Meet the 4 people reportedly in the running to replace Sarah Huckabee Sanders

The White House press secretary is on her way out. Here's who might take her place.

Sarah Huckabee Sanders is leaving the White House. Here's who might take her place.
Outgoing White House Press Secretary Sarah Huckabee Sanders talks to reporters outside the White House on May 03, 2019 in Washington, D.C. (PHOTO CREDIT: Chip Somodevilla/Getty Images.

There are at least four people being considered to replace outgoing White House Press Secretary Sarah Huckabee Sanders, Reuters reported this week, citing an unnamed source.

According to the outlet, the four potential candidates include Deputy White House Press Secretary Hogan Gidley; Stephanie Grisham, first lady Melania Trump’s communications director; Heather Nauert, who stepped down as State Department spokesperson in April; and Tony Sayegh, the soon-to-be-former Treasury Department spokesman.

The job of White House spokesperson can at times involve a lot of heavy-lifting — answering for President Donald Trump’s tweets, spinning the administration’s most unpopular decisions, and doing so amid a break-neck news cycle. Sanders appeared to ignore most of those tasks during the last few months of her tenure, dispensing with the daily press briefings altogether (the last one being more than 90 days ago) and speaking only to the press occasionally, typically from the White House driveway.

Her reputation also took a beating as the lies she told the press were later revealed in special counsel Robert Mueller’s report, made public in April.


Thursday’s announcement that Sanders was stepping down signaled yet another high-profile departure on Trump’s staff — the 43rd such departure since he took office. Sanders is reportedly considering running for governor in her home state of Arkansas in 2022.

Here’s what we know about her potential replacements.

Hogan Gidley

A former special assistant to the president, Gidley appears to be a through-and-through MAGA loyalist. The Arkansas native has degrees in journalism and political science, and worked previously for Sanders’ father, Mike Huckabee, as director of media operations. He also served as communications director for Rick Santorum’s 2012 presidential campaign.

It’s worth noting that Gidley feels the Trump administration deserves “a complicit, compliant media,” and routinely accuses the press of mischaracterizing the president.

Gidley routinely repeats the president’s claims that stories that aren’t favorable to the administration are fake and biased.

Heather Nauert

Nauert’s style as State Department spokesperson was calm, if firm. Going straight from Fox News to the Trump administration, Nauert was camera-ready as she toed the administration’s line on thorny foreign policy issues, occasionally (though rarely) losing her cool with foreign reporters.


In one instance, she snapped at two Russian reporters who pushed back against her description of a Russian video depicting what Nauert said were intercontinental missiles aimed at Florida.

“You’re from Russian TV too? Okay, enough said, then,” she said at the time.

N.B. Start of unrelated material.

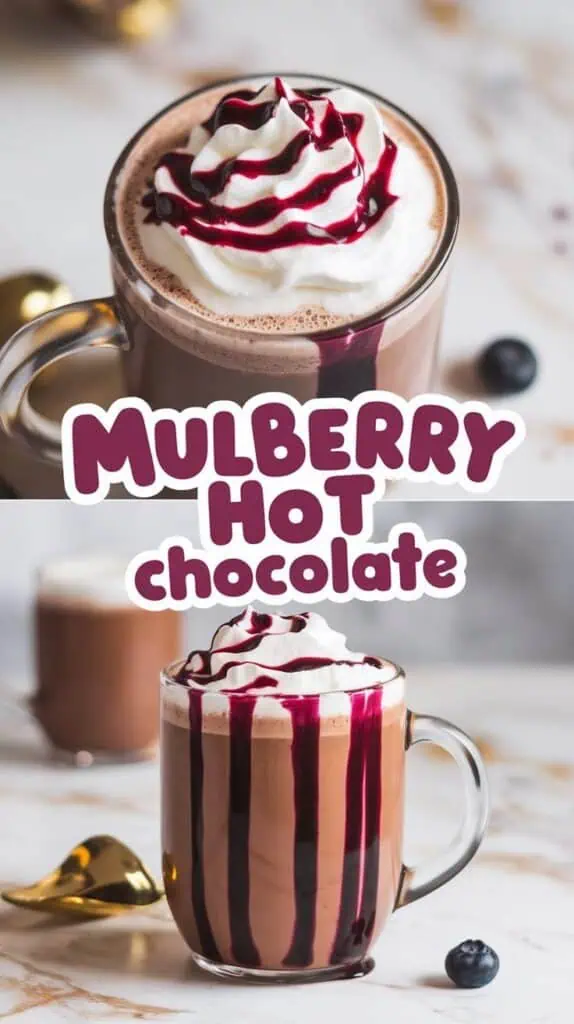 Mulberry Hot Chocolate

Nauert was briefly considered for the post of U.S. ambassador to the U.N., replacing Nikki Haley. But questions surrounding her lack of diplomatic experience along with reports that she was employing a nanny who was not legally permitted to work in the country resulted in her dropping her bid for the post. Nauert later said the two months in which she was being considered for the post were “grueling” for her family, and she chose not to return to the State Department afterward.

Stephanie Grisham

The owner of an Arizona-based PR firm, Grisham previously served on now-Sen. Mitt Romney’s (R-UT) 2012 presidential campaign and was a press aide to Trump’s 2016 campaign. She was former White House Press Secretary Sean Spicer’s deputy for the first few months of 2017 before moving over to the East Wing of the White House to assist the first lady.

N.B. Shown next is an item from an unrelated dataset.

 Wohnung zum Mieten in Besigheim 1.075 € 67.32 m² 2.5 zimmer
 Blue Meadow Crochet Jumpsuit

In an August 2018 article on Mrs. Trump, The Daily Beast quoted sources who described Grisham as “a highly competent and self-aware communications operative who likely gets a kick out of the frantic speculation that she helps stir. She was, at least in part, ‘trolling the press,’ the sources said.”

A December 2018 Washington Post profile paints Grisham as tought, and “not someone with whom to tangle.” The outlet noted that during the presidential campaign, Grisham spent a lot of time with the traveling press, winning “their appreciation by being an advocate for media access and watching out for them on the trail.”

Tony Sayegh

A New Yorker of Lebanese descent, Sayegh was tasked with selling Trump’s tax reforms in his job as assistant secretary of the Treasury, leading the department’s Office of Public Affairs.

Coming from the world of political consulting and advertising, Sayegh decided to step down from the job in May, saying his departure had been in the works for months.

Prior to joining the administration, he had a robust run as a commentator on Fox News, where he did not shy away from criticizing Trump. As CNN pointed out, “In his role as a Fox News contributor in 2015 and early 2016, Sayegh described Trump as ‘the poster child for crony capitalism’ and pointed to Trump’s multiple bankruptcies.” Sayegh also lamented at the time that “all … Trump’s campaign is boiled down to is personal insults,” calling Trump’s then-proposed Muslim travel ban “irrational and unconstitutional.”

Sayegh later changed his tune when Trump became the Republican nominee, saying that Trump had “overwhelmingly” won his confidence.